Bir titreyen elime baktım bir de elimdeki silaha. Sonra karşımda sandalyeye bağlanmış, gözünde ise göz bandı olan adama baktım. Hiç bir görevde bu kadar zorlandığımı hatırlamıyordum ama bir tarafım onu öldürmeyi reddediyordu nedense. Sonra sağ elimdeki silahı o yüzünü göremediğim kişiye doğrulttum. Ağlıyordum ama neden bilmiyordum. Tetiği çekmeden önce gözlerimi kapadım ve küçükken yaptığım gibi 10'a kadar saymaya başladım.
Bir, iki, üç, dört, beş, altı, yedi, sekiz, dokuz... Tetiğin üstüne yaptığım baskı artıyordu ve tam basacakken...
Albay yeniden konuştu. "Şimdiden uyarıyorum binbaşım, Alakuş ve Barbar için.
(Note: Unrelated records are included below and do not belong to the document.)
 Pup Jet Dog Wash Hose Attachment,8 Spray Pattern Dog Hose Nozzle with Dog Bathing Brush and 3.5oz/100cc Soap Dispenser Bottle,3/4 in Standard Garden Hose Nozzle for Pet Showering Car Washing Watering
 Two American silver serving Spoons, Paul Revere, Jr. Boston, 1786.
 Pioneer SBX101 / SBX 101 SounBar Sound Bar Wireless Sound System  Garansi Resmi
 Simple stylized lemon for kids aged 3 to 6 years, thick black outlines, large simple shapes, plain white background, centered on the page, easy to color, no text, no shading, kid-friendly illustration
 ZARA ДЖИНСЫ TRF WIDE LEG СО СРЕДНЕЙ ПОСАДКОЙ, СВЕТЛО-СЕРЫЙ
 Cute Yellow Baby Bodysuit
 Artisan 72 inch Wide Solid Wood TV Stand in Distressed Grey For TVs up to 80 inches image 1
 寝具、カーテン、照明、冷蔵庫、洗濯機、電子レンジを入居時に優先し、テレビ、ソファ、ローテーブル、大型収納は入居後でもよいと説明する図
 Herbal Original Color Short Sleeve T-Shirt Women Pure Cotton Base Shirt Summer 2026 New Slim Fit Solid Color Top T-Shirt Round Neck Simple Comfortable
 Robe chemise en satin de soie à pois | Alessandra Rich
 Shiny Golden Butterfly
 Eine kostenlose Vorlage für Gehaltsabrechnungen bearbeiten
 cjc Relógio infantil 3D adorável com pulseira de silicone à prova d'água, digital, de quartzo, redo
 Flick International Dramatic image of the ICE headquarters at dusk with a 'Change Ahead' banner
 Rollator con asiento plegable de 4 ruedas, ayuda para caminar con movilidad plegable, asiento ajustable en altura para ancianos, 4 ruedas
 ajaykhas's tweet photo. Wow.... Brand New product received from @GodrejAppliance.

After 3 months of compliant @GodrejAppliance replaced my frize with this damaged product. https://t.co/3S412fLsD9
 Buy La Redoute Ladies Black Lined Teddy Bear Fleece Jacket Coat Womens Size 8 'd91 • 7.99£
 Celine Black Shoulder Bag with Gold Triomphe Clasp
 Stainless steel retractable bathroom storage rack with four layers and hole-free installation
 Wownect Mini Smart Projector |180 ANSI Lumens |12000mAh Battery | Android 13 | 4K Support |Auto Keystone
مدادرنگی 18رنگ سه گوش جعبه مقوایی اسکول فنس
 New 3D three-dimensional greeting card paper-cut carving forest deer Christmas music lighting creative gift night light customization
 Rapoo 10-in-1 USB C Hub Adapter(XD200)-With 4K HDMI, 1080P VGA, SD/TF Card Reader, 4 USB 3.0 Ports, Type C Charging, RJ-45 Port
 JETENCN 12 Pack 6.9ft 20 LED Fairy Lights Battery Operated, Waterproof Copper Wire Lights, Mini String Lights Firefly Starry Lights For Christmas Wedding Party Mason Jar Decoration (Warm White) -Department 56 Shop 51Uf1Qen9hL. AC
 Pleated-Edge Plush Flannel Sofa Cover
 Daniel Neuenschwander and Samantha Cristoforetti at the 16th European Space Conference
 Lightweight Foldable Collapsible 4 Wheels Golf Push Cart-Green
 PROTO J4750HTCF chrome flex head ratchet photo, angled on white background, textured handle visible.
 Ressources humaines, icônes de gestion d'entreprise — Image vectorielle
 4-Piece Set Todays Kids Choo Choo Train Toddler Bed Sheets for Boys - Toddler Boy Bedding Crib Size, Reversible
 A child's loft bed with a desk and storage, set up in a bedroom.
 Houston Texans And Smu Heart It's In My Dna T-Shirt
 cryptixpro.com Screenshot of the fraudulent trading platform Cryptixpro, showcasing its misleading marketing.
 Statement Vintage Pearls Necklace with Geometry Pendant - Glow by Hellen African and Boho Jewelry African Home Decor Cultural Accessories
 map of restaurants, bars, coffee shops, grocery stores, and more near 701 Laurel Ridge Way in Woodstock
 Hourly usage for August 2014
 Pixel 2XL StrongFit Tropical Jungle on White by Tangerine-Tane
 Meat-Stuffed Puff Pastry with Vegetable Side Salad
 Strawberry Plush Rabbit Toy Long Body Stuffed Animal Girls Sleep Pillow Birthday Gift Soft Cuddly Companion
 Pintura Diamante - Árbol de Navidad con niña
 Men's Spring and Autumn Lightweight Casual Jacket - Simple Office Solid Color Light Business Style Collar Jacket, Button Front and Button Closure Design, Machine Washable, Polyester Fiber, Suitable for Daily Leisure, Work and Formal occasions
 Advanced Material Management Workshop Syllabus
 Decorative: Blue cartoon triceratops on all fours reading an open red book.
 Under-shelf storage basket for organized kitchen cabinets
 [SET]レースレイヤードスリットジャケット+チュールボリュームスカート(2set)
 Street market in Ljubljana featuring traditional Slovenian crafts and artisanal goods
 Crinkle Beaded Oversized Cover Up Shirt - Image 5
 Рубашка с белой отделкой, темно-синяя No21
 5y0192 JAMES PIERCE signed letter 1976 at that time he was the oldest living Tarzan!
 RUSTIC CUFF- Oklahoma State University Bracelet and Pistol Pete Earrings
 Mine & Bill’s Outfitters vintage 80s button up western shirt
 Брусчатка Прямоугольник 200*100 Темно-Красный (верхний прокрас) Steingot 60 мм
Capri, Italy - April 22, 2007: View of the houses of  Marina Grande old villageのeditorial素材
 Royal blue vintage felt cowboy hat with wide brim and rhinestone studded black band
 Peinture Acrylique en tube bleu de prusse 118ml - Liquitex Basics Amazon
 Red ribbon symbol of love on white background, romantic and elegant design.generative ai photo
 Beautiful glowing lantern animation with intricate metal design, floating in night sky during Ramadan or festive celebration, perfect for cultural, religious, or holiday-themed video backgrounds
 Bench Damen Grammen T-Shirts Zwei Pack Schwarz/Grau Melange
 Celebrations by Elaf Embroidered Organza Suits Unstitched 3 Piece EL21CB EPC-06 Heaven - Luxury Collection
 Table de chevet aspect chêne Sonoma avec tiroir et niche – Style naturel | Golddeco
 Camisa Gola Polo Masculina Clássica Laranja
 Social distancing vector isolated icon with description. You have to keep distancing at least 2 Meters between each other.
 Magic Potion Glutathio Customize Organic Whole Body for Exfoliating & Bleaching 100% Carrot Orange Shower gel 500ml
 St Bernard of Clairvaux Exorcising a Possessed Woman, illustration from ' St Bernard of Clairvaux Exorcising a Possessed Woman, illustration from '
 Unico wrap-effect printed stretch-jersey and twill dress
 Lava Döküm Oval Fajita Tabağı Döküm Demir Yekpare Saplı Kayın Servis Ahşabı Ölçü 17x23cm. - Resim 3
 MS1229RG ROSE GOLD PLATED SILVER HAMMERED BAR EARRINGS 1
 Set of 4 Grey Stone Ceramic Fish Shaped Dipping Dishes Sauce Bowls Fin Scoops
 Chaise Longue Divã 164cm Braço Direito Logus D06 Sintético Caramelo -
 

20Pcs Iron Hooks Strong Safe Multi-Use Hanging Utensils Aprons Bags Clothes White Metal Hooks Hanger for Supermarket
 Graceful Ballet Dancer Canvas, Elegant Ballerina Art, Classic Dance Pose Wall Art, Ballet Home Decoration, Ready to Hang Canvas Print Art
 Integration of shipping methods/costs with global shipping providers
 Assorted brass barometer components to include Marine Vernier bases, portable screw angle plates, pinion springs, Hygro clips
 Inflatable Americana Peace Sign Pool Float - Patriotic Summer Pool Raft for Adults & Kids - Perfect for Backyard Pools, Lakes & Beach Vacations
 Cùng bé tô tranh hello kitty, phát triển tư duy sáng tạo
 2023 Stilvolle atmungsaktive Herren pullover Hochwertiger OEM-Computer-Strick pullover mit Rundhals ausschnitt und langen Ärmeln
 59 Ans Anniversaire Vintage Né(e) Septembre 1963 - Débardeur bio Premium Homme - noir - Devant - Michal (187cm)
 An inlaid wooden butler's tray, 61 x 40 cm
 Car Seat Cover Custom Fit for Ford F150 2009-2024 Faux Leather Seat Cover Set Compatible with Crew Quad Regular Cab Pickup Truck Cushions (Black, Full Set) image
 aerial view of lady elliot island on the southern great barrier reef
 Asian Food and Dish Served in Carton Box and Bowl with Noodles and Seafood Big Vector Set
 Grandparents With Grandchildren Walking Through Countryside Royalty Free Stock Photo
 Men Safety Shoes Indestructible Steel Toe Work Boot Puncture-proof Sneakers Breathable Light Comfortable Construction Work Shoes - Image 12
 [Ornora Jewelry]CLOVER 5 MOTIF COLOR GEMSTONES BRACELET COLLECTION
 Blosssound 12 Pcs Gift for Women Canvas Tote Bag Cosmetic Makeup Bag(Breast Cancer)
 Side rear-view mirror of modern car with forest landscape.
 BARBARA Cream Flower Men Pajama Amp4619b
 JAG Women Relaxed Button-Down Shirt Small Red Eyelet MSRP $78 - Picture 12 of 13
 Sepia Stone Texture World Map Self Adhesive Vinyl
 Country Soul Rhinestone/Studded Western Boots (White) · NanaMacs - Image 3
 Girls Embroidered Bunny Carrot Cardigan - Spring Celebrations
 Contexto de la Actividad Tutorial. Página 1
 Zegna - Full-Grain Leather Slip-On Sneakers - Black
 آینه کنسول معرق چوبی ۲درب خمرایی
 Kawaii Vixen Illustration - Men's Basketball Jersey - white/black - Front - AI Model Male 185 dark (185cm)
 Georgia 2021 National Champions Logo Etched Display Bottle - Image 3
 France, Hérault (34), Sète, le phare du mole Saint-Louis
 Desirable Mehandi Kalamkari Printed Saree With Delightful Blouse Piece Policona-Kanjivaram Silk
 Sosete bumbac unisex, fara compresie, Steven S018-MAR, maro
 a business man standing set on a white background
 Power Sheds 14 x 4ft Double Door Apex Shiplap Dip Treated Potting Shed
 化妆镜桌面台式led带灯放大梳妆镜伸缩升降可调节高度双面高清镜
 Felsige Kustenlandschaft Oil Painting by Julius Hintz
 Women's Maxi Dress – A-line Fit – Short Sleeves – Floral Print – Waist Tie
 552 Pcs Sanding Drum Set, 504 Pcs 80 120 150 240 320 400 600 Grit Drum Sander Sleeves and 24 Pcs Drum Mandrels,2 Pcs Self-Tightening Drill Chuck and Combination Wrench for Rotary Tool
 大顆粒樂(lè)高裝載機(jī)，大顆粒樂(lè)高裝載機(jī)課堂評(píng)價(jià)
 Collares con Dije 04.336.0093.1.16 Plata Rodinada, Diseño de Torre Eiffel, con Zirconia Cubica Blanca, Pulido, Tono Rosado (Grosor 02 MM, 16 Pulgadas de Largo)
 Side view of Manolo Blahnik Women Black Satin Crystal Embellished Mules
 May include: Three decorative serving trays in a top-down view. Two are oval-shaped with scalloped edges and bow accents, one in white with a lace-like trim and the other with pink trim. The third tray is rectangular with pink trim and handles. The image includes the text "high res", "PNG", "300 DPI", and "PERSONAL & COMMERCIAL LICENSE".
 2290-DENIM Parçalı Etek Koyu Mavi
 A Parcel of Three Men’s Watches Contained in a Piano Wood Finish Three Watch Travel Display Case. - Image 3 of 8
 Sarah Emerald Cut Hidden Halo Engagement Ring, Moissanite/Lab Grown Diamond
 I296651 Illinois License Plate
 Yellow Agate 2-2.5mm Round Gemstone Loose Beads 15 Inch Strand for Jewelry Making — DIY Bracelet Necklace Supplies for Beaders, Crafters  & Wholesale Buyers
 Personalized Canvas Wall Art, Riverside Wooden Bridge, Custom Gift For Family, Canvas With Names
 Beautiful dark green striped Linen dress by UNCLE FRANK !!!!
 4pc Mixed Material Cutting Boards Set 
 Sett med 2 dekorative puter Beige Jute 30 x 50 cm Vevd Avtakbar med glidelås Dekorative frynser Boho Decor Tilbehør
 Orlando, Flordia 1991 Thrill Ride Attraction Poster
Söz dinler gibi görünürler ancak emrinin tam tersini uygun bir şekilde yapmanın bir yolunu mutlaka bulurlar."
Sırıttı binbaşı Kartal Turhal. Alakuş onu çok heyecanlandırmıştı. Kendisinin kadın versiyonu gibiydi. "Siz merak etmeyin komutanım. Ben haklarından gelmesini bilirim."
Albay da güldü. "Eti senin kemiği benim o halde."